Remote Sensing
Remote Sensing is art, science, and technology of obtaining information about the environment through the recording, analysis, and interpretation of data acquired through non-contact sensors. In this case, using imagery to gather information about the earth and earth surface objects. The information below describes Landsat 8 Band Information, R functions needed to gather information from imagery, and useful hints for visualizing Landsat products in R.

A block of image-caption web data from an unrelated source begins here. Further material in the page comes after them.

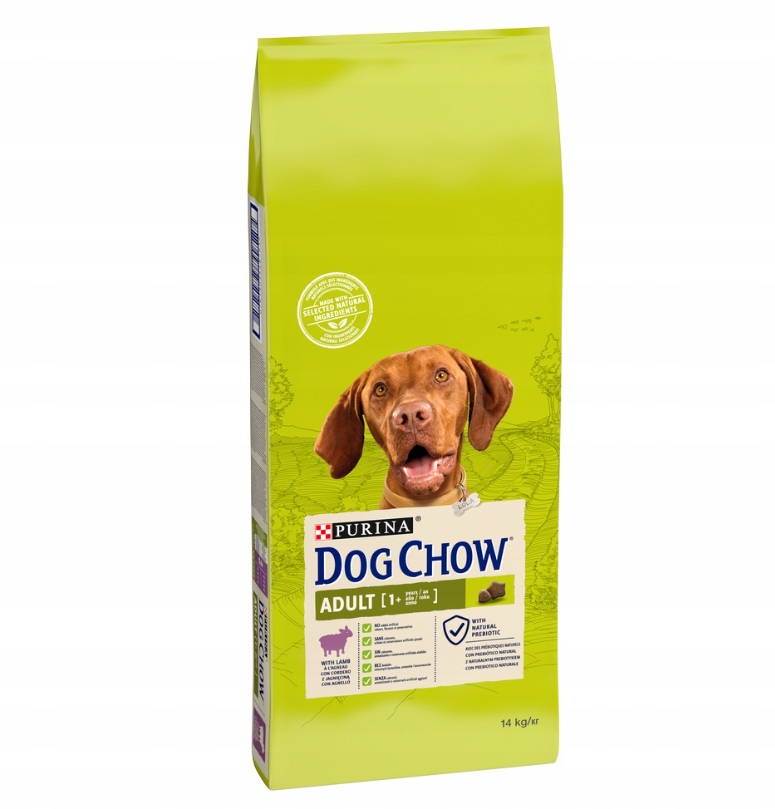 Purina Dog Chow Adult Lamb 14kg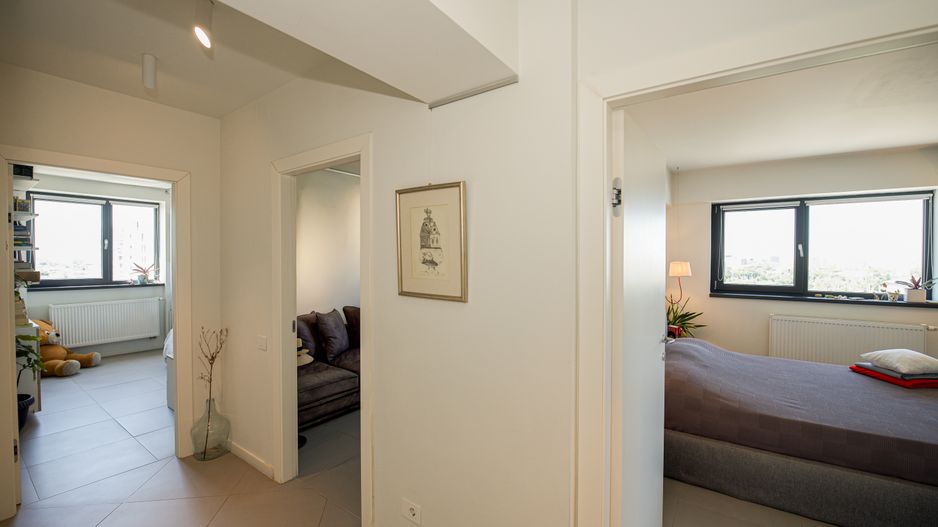 Penthouse 142mp | 4 camere | 2 bai si dressing | MetroCity Academiei - Poză 14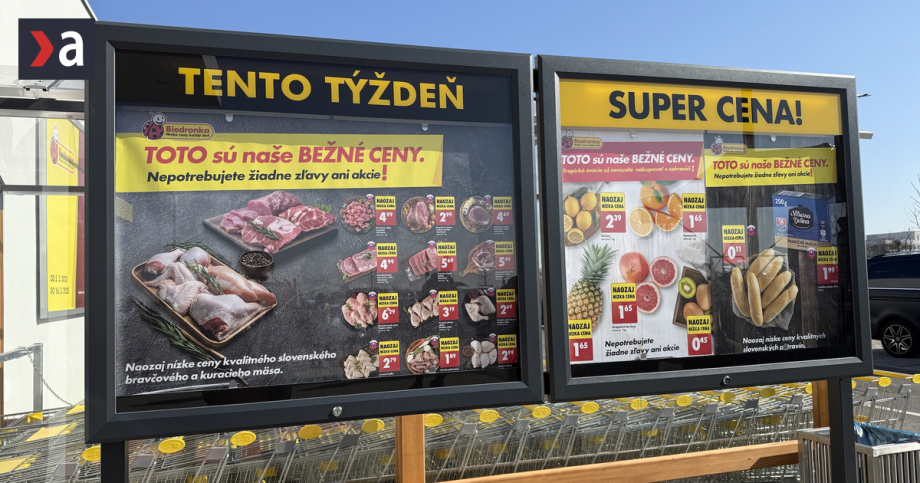 Biedronka prichadza s novou strategiou Akceptuje vernostne karty konkurencie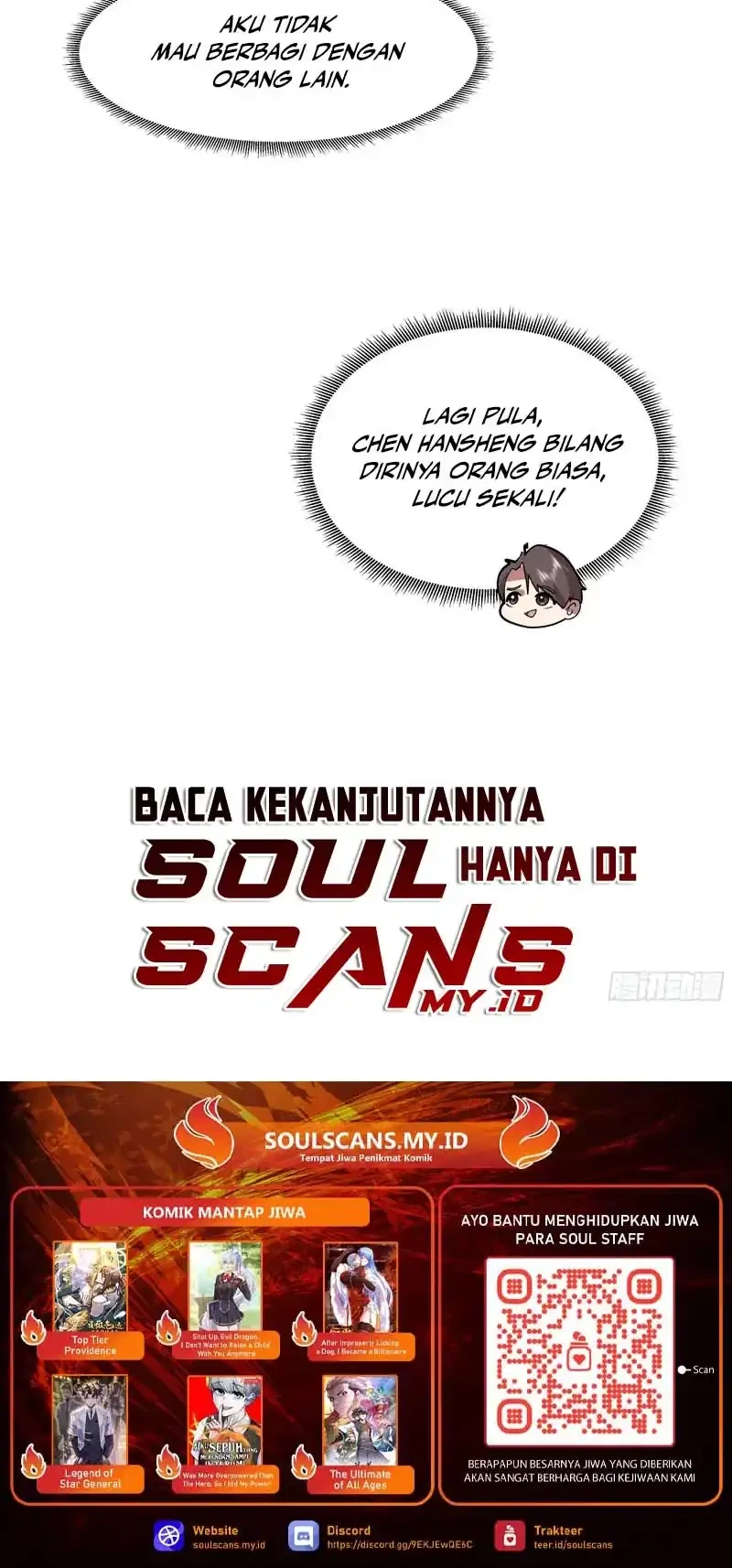 I Really Dont Want To Be Reborn Chapter 467 Halaman 31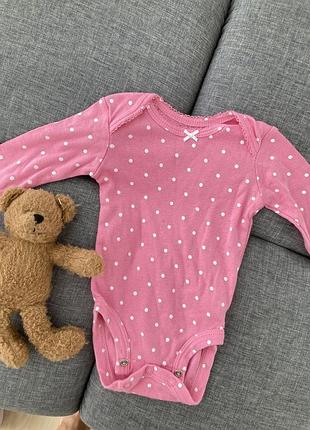 Бодик, бодик, человечик carter’s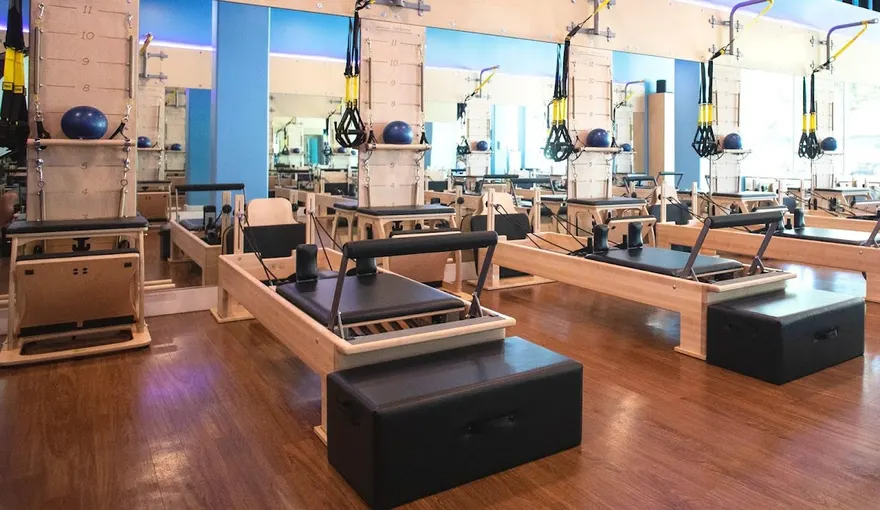 Club Pilates Bar W
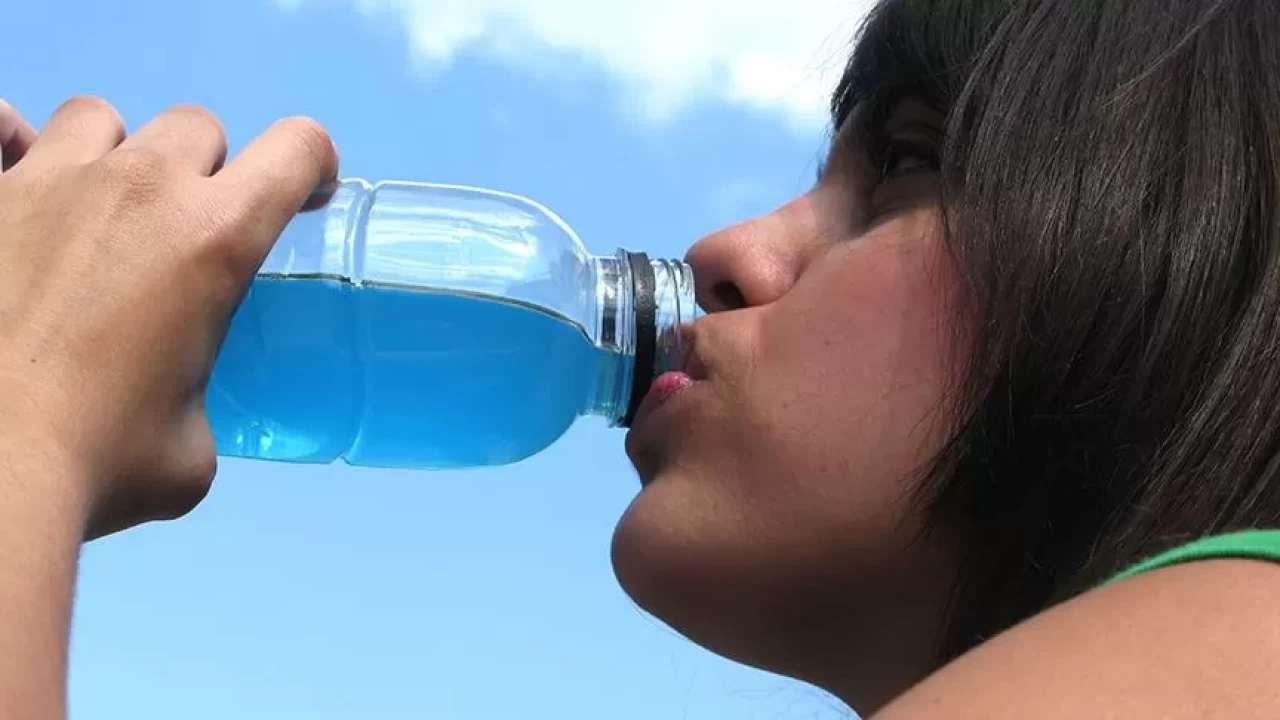 Ev yapımı enerji içeceği tarifi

LandSat 8 Band Information
Natural Color
Bands: 4, 3, 2
“This band combination is as close to”true color" as you can get with a Landsat OLI image. One unfortunate drawback with this band combination is that these bands tend to be susceptible to atmospheric interference, so they sometimes appear hazy." - Harris Geospatial
Color Infrared (Vegetation)
Bands: 5, 4, 3
“Note how vegetation really pops in red, with healthier vegetation being more vibrant. It’s also easier to tell different types of vegetation apart than it is with a natural color image. This is a very commonly used band combination in remote sensing when looking at vegetation, crops and wetlands.” - Harris Geospatial
False Color (Urban)
Bands: 7, 6, 4
“Because this band combination makes use of both of the SWIR bands aboard Landsat 8, the image is much more crisp than band combinations that make use of bands in shorter wavelengths, which are more susceptible to haze.” - Harris Geospatial
Agriculture
Bands 6, 5, 2
“This band combination is useful for the monitoring of agricultural crops, which appear as a vibrant green. Bare earth appears as a magenta color and non-crop vegetation appears as more subdued shades of green.” - Harris Geospatial
Atmospheric Penetration
Bands: 7, 5, 3
“This band combination is useful for the monitoring of agricultural crops, which appear as a vibrant green. Bare earth appears as a magenta color and non-crop vegetation appears as more subdued shades of green.” - Harris Geospatial
CODE:
# Packages:
install.packages("raster")
library(raster)
# Working Directory:
getwd() # Will tell you your current working directory
setwd("C:/Users/Josh Carrell/Documents/R-Programming-Portfolio/RPubs/Data/RS/DC") # Where you want to pull your data from.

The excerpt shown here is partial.